**INFORMATION SUPPLIED:**
.....
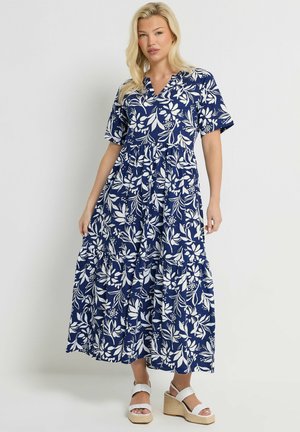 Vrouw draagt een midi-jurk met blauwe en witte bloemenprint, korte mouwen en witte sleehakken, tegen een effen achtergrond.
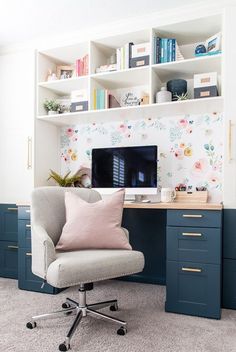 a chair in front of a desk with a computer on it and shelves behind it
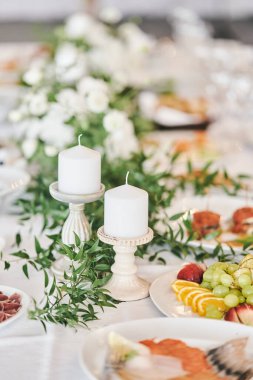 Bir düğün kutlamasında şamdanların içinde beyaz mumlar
.....
**WHAT THE EXERCISE ASKS:** The line with "a chair in front" marks the start, and the last line of the material marks the end. Reproduce exactly those two lines and every line between them, without the pictures.

**SOLVED EXERCISE:**
 a chair in front of a desk with a computer on it and shelves behind it
 Bir düğün kutlamasında şamdanların içinde beyaz mumlar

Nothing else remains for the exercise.